Oysa; ailevi şartları oldukça zor olan, bulunduğum konumun imkanları el vermiyor, 8 kardeşi içerisinde anne sevgisini en çok tadan ve eğitimini bile annesine yardım etmek için bırakan küçük bir kızdım. Her şey zordu, fakat imkansız değildi. Sanırım teslimiyetti gönlümün anahtarı olan… Umudum olan eğitimime devam edemezsem de, annemin sağlıklı olması en büyük bir gücümdü.

Neyse ki yolcuyduk İstanbul’a, Patnos’tan taşındığımız gün daha kolay yaşamımız olur, umudunun sevinci vardı gönlümde… Öyle bir vakit ki; kelimeler kifayetsiz, dipsiz bir kuyu gibi… Girdin mi çıkamıyorsun, bir yanın kaybolmak istese de bir yanın teslimiyetle, güç ile, dua ile, yol alma niyetinde… Sonra huzur dolu bir günde medreseye gidip kayıt yaptım. Ardından acılı sabrımın mükafatına taliptim…

Sıfırdan eğitimi başlarken; haneye yetişme gayretim, aileme olan sevdam, ve ilim yolundaki adımlarım, hepsinden öte Rabbimin kelamına layık olma çabam… Her defasında hayal ettiriyor. Küçük bir çocuğun masum sevinci gibi, geceyi gündüze katmama sebepti. Artık anlamıştım; şifanın ilimde, ibadette olduğunu… Anlamıştım ki bizler İkra ümmetiyiz. Her gün karanlık yollarım aydınlığa ulaştı, harflerin ışığı yavaşça bir yol oluşturdu. Her ezber bir çığlık, her sure bir çare oldu yüreğime… Olur ya, sessizliğin ve çaresizliğin içinde hissederiz bazen, sen de kardeşim! Bir gün karanlığın içinde kaybolursan, bil ki harfler seni aydınlatmaya, her adımda seni Rabbinin huzuruna taşımaya hazırdır.

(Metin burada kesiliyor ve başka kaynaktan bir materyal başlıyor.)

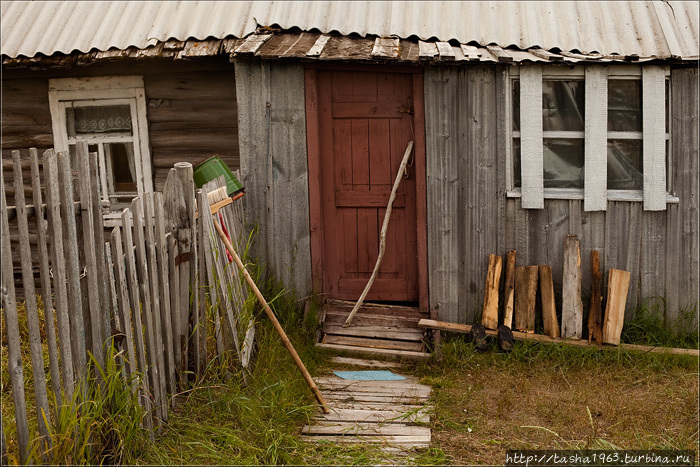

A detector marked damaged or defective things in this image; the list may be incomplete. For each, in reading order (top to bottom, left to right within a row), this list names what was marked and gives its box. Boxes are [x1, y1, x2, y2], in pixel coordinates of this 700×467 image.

“Hafize olmak isteyen hanım kardeşlerim, Ben Elif, kalbimin karanlık köşelerini Rabbimin kelamıyla (Kur’an-ı Kerim) ile aydınlattım. Her gözyaşım bir adım, her sabrım mucize, ve sonunda azim ile yola çıkan ruh, Allah’ın izniyle o yüksek mertebe ile mükafatlandı.” Unutmayın ki, sabır başarmanın yarısıdır.